Below you'll see examples of how to gather insights, select the best ideas and create a business model for your market.
- Quick Wins & Strategic Roadmap
- Idea Selection
- Business Modelling
A Quick Wins & Strategic Roadmap exercise will identify areas for immediate improvement and set out a solid strategy for your chosen timeframe.
An example of where I've done this was at HMRC - the UK's tax authority. The brief was to uncover issues within the service, identify low-hanging fruit for quick wins, and to set forth a five year strategy to move the services ahead adaptively. Along with another designer, I undertook a passive ethnographic study into the information needs of call centre agents and callers, interviewed managers and stakeholders, and collated data to understand patterns and spot potential issues within their services. From these data, a set of immediate improvements were identified, and a five year strategy formulated. Further details are available; please get in touch if you'd like to know more.

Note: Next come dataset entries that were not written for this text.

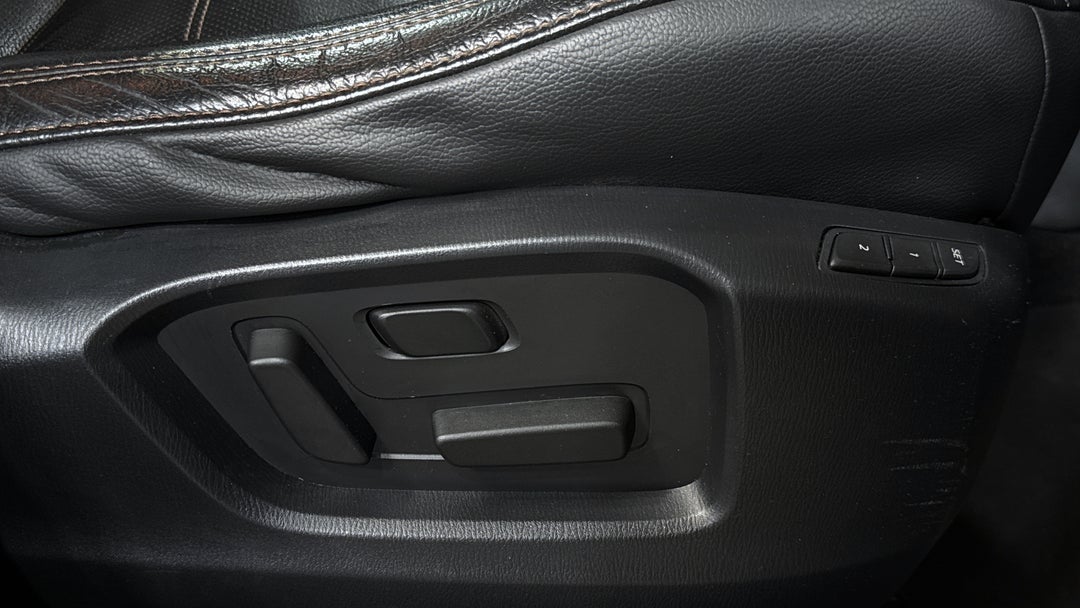 2017 Mazda CX-5 Gt (4x4), Automatic, 104839 km, Drivers Side Adjustment Panel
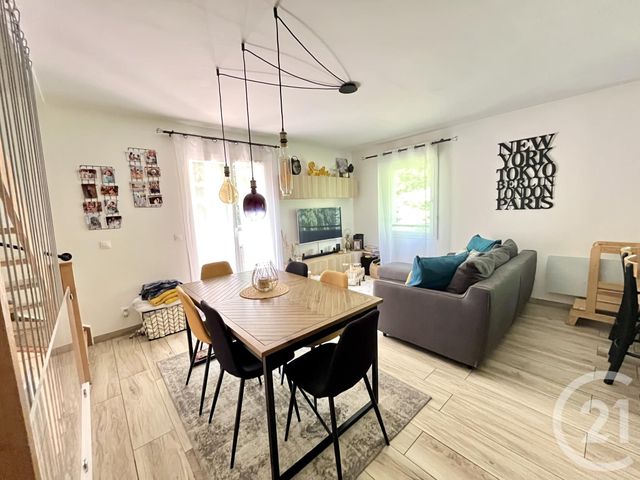Afficher la photo en grand Appartement F3 à vendre - 3 pièces - 70.26 m2 - MARGENCY - 95 - ILE-DE-FRANCE - Century 21 Val-Ombreux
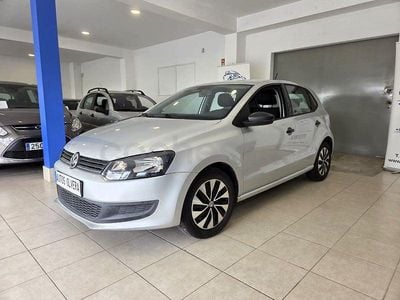 Usado VW Polo Advance 90 CV (66 kW) 2010 Gris / plata Utilitario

Knowing which ideas to pursue can be a stumbling block. Idea selection within design thinking can be done via a set of prototypes - great for understanding how users will react and interact. In addition to UX prototyping, I've used selection quadrants to understand viability and desirability. When used in combination with prototyping, it really helps because teams don't always consider the viability of each idea.

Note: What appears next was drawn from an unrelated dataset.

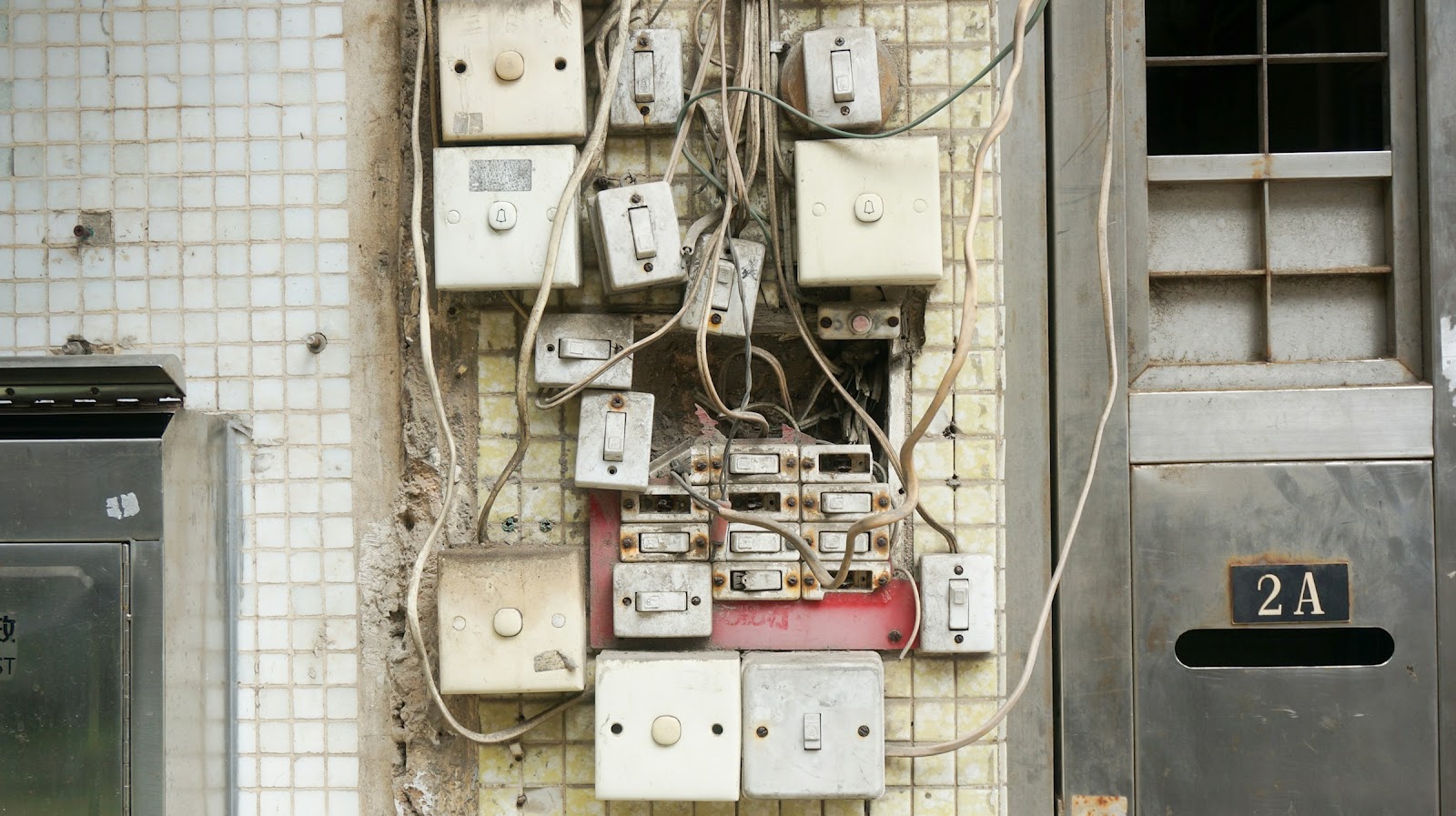 Causes of Electrical Failure in Homes and How to Fix It Safely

There are myriad other methods - such as the Design Thinking Pyramid from the University of St. Gallen which focusses on creating different types of prototype to find the strongest features; and the Standford dschool flow from empathy.

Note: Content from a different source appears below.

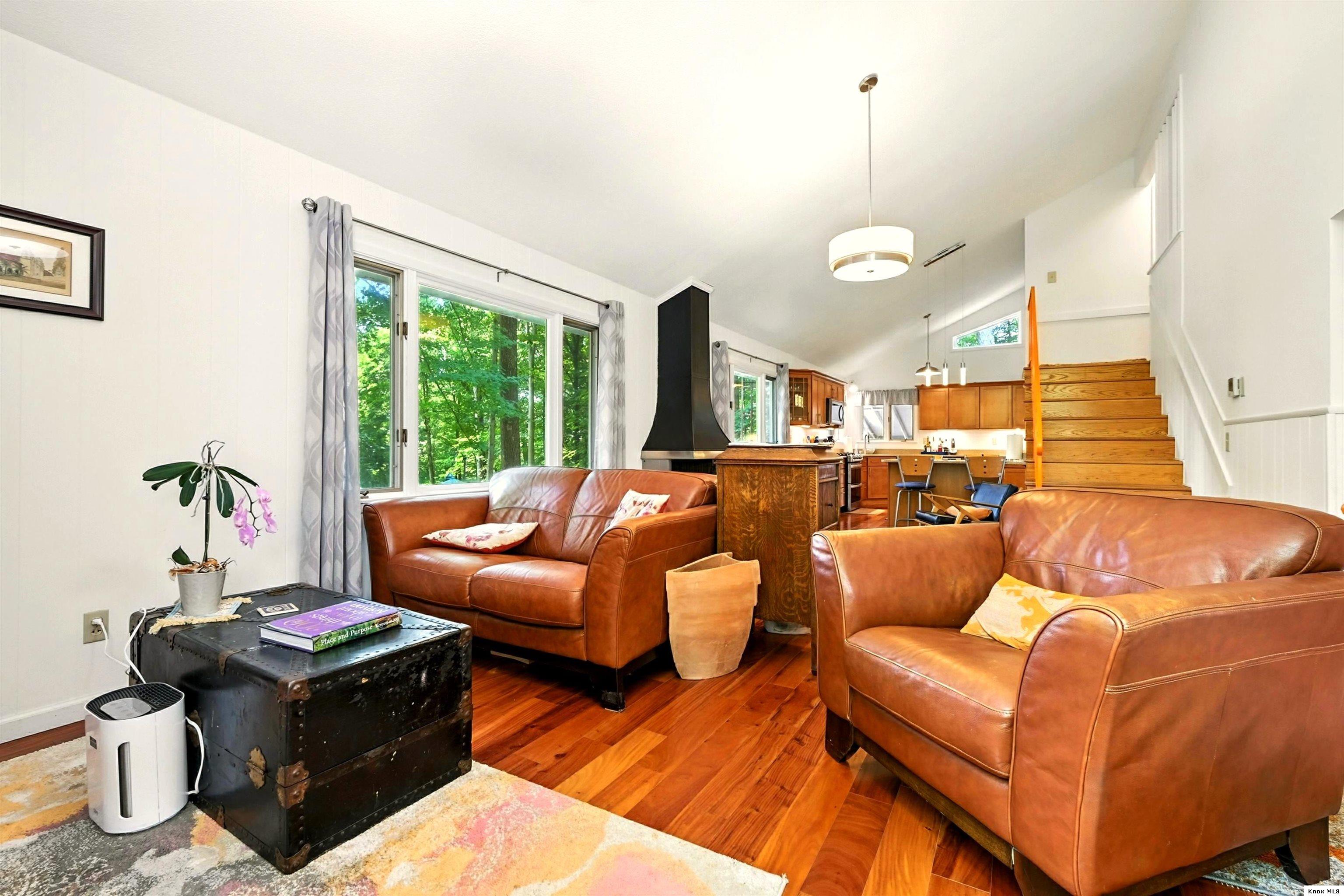302 E Woodside Dr. Property Photo 6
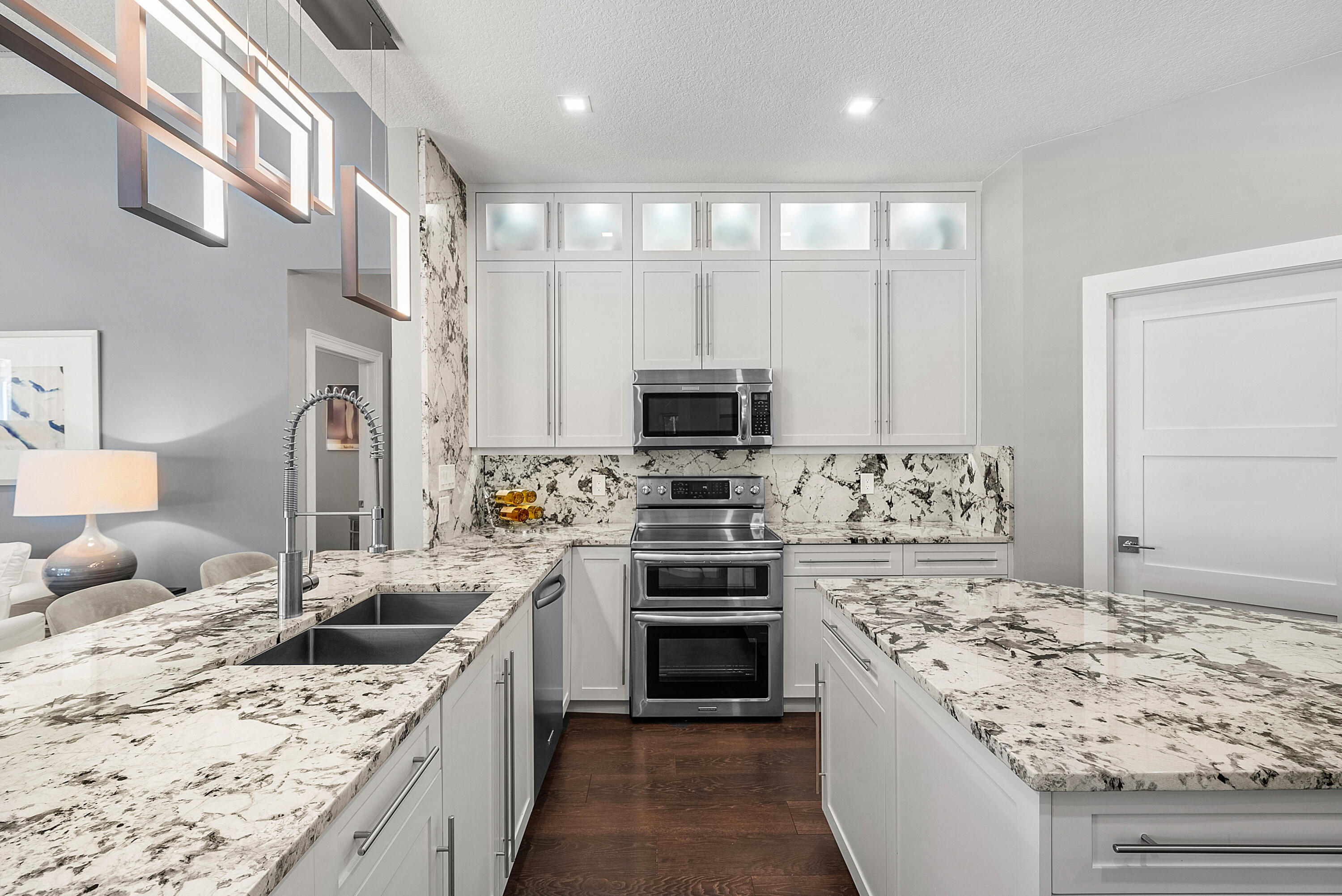 7032 Brunswick Circle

I've used a number of methods in creating business models - from the more recent Business Model Canvas (great for prototyping), through to more thorough Strategic Rationale models and value models that will provide the cash flow calculations and investment maths (great for executing).
Below is an example of an iStar strategic rationale model. This is also very useful in modelling services and UX. This is often used in conjunction with a strategic dependency model which models the value web.
The purpose of doing this was to understand the relationships between the players. Before one can innovate a business model, one needs to have a good understanding of the existing market ecosystem - and this model provides a means of achieving this. Once understood, the normal business model creation & prototyping steps are undertaken, e.g. using the business model canvas.
A great example of business innovation was when I introduced transaction based pricing for speech recognition services. The insight I'd discovered was that potential clients see speech recognition as a risky venture due to its perceived (lack of) accuracy. Why pay a flat payment for something that may not work? A model was needed that allowed performance to be accounted for, such that the pricing was based on success. Clients understood where the value of the service lay, and we priced our offering accordingly, using a combination of flat rate and transaction based pricing. I created a pricing tool that would allow quotes to be made at very short notice. Another key outcome was that this allowed a service mentality - there was no purchase and maintenance, just usage and a monthly fee. This allowed us to offer cloud services and reduced our cost to serve significantly. The services no longer stagnated, since it was worth updating and tuning them to ensure optimal performnance. This meant a far better user experience as well as benefits for the client.